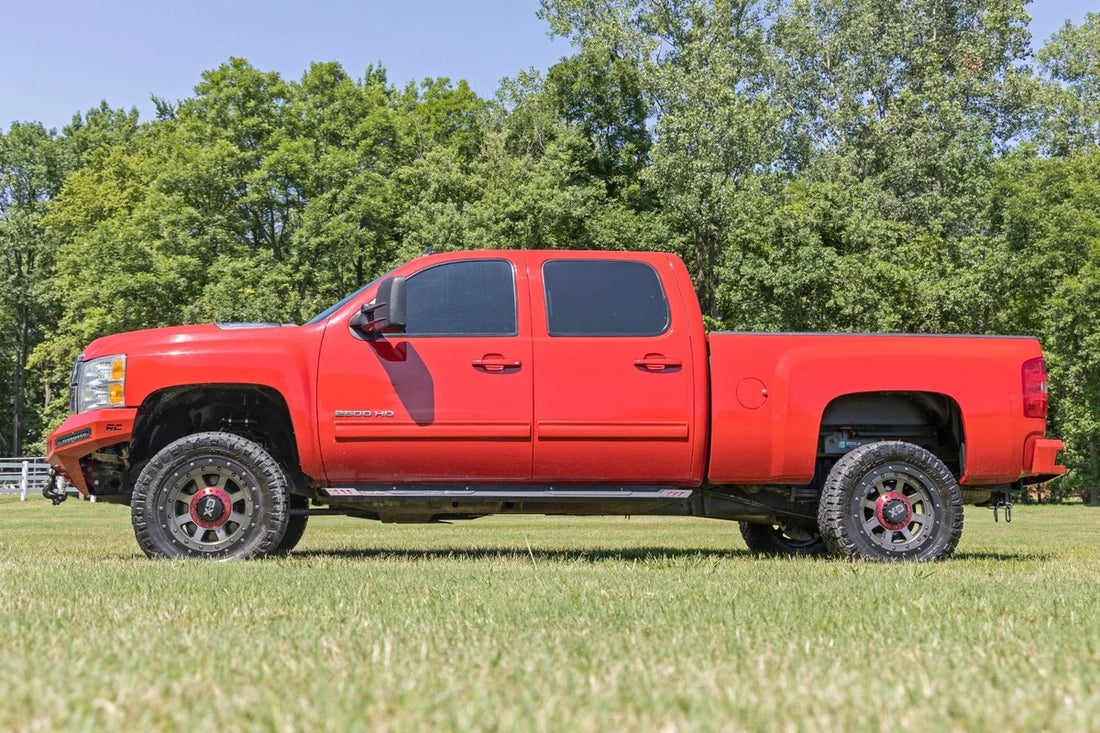 Rough Country 3.5 Inch Knuckle Lift Kit | V2 | w/ Overloads | Chevy/GMC 2500HD/3500HD (11-19) - Additional View 5
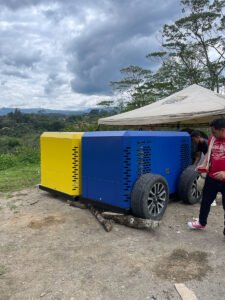 Carcasas para equipos de perforacion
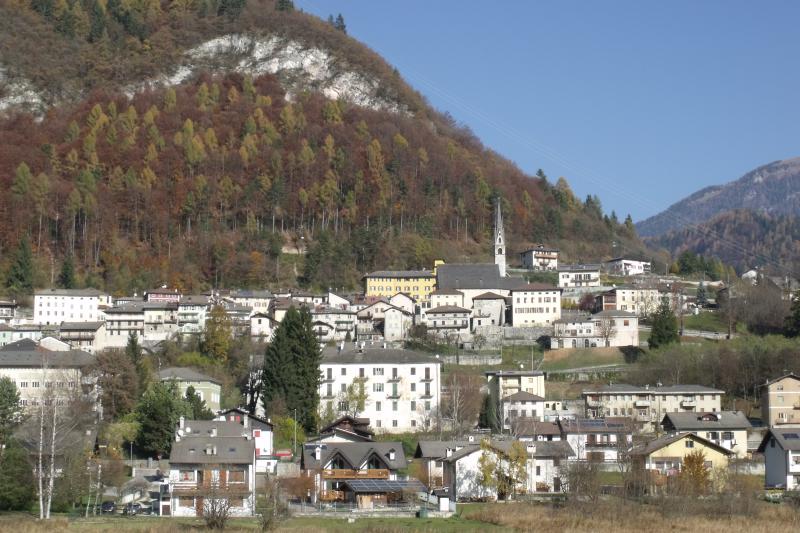 Vista di Pieve Tesino, Trento (38050)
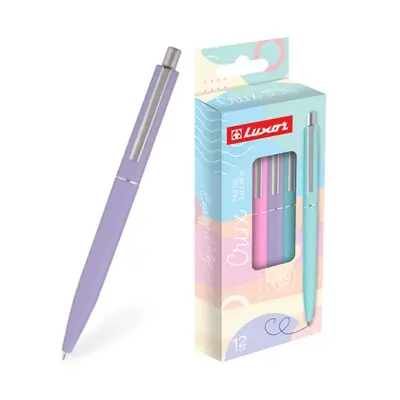 Корица на „Химикалка Luxor® CRUX ,1 mm, Pastel“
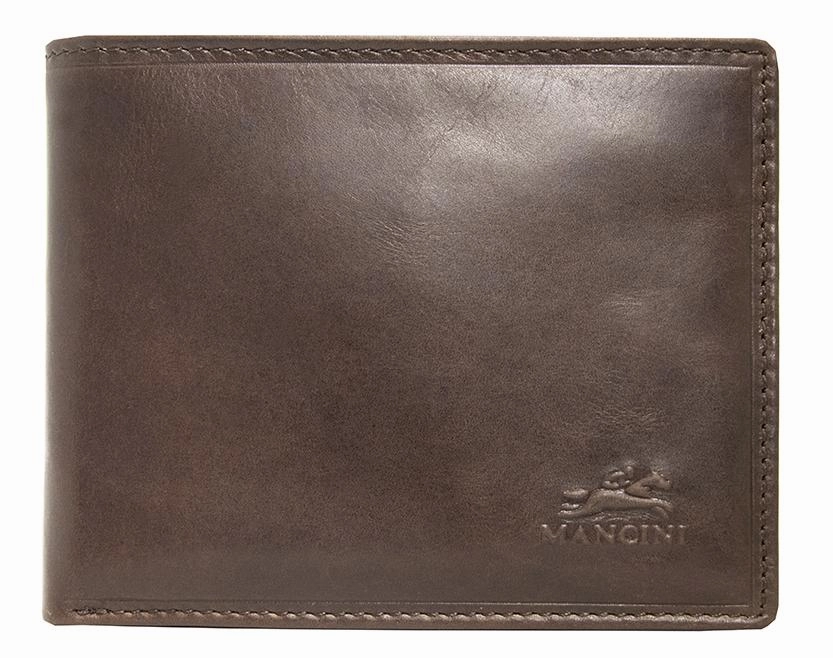 Mancini Boulder Men'S Rfid Secure Billfold With Removable Passcase RFID Safe Wallet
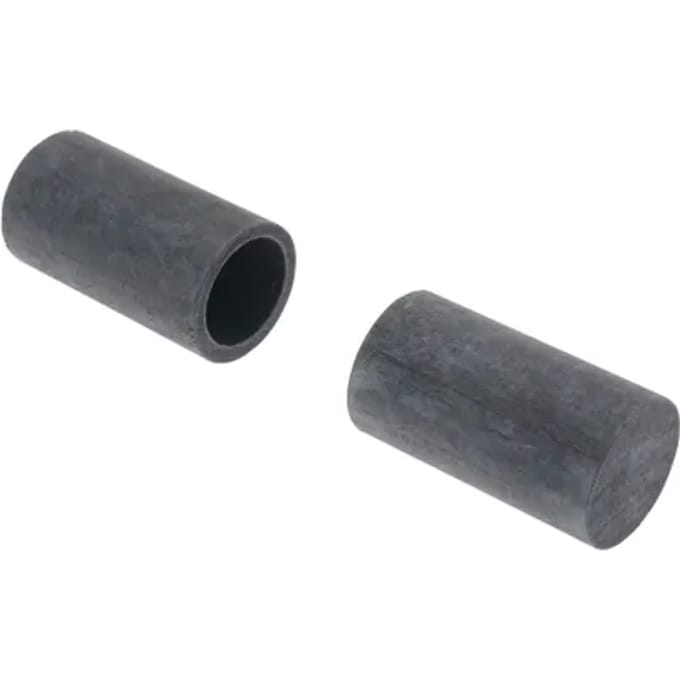 Decomode Gordijnknop Round Long Grijs - 2 Stuks
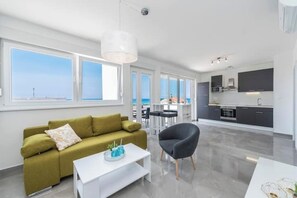 Living area - Villa Adria 3 (Novalja)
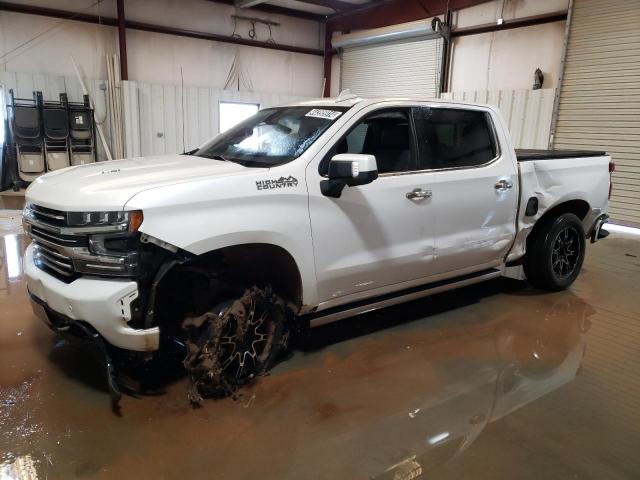 1GCUYHEL4KZ384696 - 2019 CHEVROLET SILVERADO K1500 HIGH COUNTRY WHITE photo 1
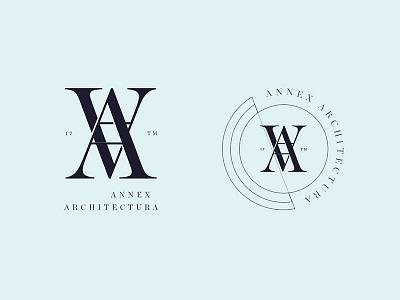 Annex badge branding icon identity logo logo design mark serif type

━━━━━━━━

■ ASSIGNMENT
Restate word for word the lines running from the first line of the material to the line containing "1GCUYHEL4KZ384696 - 2019", inclusive, and drop every picture.

■ WORKED SOLUTION
 Rough Country 3.5 Inch Knuckle Lift Kit | V2 | w/ Overloads | Chevy/GMC 2500HD/3500HD (11-19) - Additional View 5
 Carcasas para equipos de perforacion
 Vista di Pieve Tesino, Trento (38050)
 Корица на „Химикалка Luxor® CRUX ,1 mm, Pastel“
 Mancini Boulder Men'S Rfid Secure Billfold With Removable Passcase RFID Safe Wallet
 Decomode Gordijnknop Round Long Grijs - 2 Stuks
 Living area - Villa Adria 3 (Novalja)
 1GCUYHEL4KZ384696 - 2019 CHEVROLET SILVERADO K1500 HIGH COUNTRY WHITE photo 1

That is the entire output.